Support Services for Children and Teens: For the past several years, the Jewish Federation provided funding for a support services coordinator shared by our three Jewish day schools. It was very well received. Now we recognize the need to expand and provide similar support services to children in our congregational schools, pre-schools, youth groups, and camps.
Elder Day Care: Where can our elderly go for social and physical activities and programs on a regular basis, while at the same time provide respite for their caregivers? We have a small program at Cedar Sinai Park, but that is not enough. We need to create more spaces for activities and socialization for our seniors.
Community Hebrew High School: We are fortunate that six of our congregations have formal “Hebrew High School” (post-b’nai mitzvah education programs for grades 8-12) with approximately 225 students (10% of all teens in that age cohort). But many of our congregations do not. Although my rabbinic and educator colleagues may disagree, anecdotal conversations with parents and students support a community-wide program that may have greater impact on more of our youth. This is an opportunity for teens across Greater Portland (not just from their respective congregations) to be together on a regular basis, while also meeting the needs of participating congregations and the students. This has been done in the past here, as well as currently in many communities across the country.
Interfaith Leadership Trip to Israel: With many non-Jewish clergy having never visited Israel and challenges from the BDS (boycott, divestment, and sanctions) movement, there is an opportunity to take leaders of all faiths on a trip to Israel. The trip can focus on challenging issues facing Israel, including religious pluralism and freedom and Arab-Jewish coexistence, all while experiencing daily life in Israel firsthand.
Boomer Engagement: With so many Boomers in our midst, how do we utilize their skills, talents, interests, and resources to maximize Jewish life? Much has been done in other communities and we need to meet the desires of these individuals. Eventually, we will also face the “silver tsunami” challenge as today’s healthy and vibrant boomers become tomorrow’s vulnerable elderly.
Eastside/26/99 Jewish Programming: You will hear a great deal about Jewish needs on the eastside, and rightly so. There is an exceptional working group to create an Eastside Jewish Commons. But beyond the eastside, how do we provide programs and services to Jews on the 26 corridor out to Hillsboro and down 99 from Tigard to Newberg? Interestingly, the most far west Jewish institutions between Portland and Chabad in Hillsboro are Congregation Neveh Shalom/MJCC/Kesser Israel (a 13 mile gap), and nothing on 99. How do we move outside our institutional walls and bring Jewish opportunities everywhere in our metro area.

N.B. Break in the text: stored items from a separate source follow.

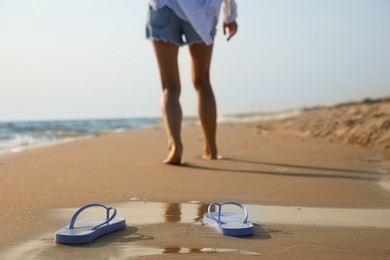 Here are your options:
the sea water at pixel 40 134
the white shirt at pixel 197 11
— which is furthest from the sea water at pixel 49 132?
the white shirt at pixel 197 11

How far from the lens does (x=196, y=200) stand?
2143 millimetres

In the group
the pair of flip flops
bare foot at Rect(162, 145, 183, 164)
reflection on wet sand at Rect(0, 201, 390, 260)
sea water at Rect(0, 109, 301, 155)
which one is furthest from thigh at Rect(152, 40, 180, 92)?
sea water at Rect(0, 109, 301, 155)

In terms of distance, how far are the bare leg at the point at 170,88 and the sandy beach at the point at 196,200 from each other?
0.92ft

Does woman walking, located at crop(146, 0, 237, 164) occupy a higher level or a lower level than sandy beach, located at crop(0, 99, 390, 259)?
higher

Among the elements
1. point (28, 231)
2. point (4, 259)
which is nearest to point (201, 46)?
point (28, 231)

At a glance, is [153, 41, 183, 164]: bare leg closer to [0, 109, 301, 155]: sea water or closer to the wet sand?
the wet sand

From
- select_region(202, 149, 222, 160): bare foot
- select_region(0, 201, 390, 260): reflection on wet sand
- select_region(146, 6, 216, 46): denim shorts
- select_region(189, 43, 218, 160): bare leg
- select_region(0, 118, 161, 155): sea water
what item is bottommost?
select_region(0, 118, 161, 155): sea water

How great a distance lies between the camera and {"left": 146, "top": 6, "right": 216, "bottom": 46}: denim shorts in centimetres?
350

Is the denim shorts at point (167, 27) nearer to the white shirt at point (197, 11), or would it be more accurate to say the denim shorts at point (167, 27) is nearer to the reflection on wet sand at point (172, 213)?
the white shirt at point (197, 11)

Security: We are in the process of hiring a new director of community security. Sadly, this is the new normal for Jewish communities. We will do all we can to make Greater Jewish Portland as safe as possible.
Community Leadership Development: Later this year we will ask for nominations for younger leaders to participate in the Wexner Heritage Leadership program, the foremost program of its kind in the world. Twenty young leaders will be selected from Greater Portland. Just as the program did in 1996, it will develop the next generation of Jewish communal leaders.
To do all of these things requires new thinking and additional financial resources. That is why your support of the Jewish Federation’s Campaign for Community Needs is so important.
Do you have additional ideas for service areas in our community?Please email and share your thoughts!
Finally, a few weeks ago I sent out a “grandparents’ survey.” I know some of you were quite upset that the creators of the study placed an age limit of 55 - 80. David Raphael, the founder of the Grandparents Network, will be visiting Portland and holding a special focus group open to any grandparent age 55+ (no top limit) on Monday, January 21 from 4:00 p.m. – 5:00 p.m. at the Jewish Federation office (6680 SW Capitol Hwy). Space is limited so please email your RSVP here.
Shabbat shalom and may 2019 be a year of good health and happiness.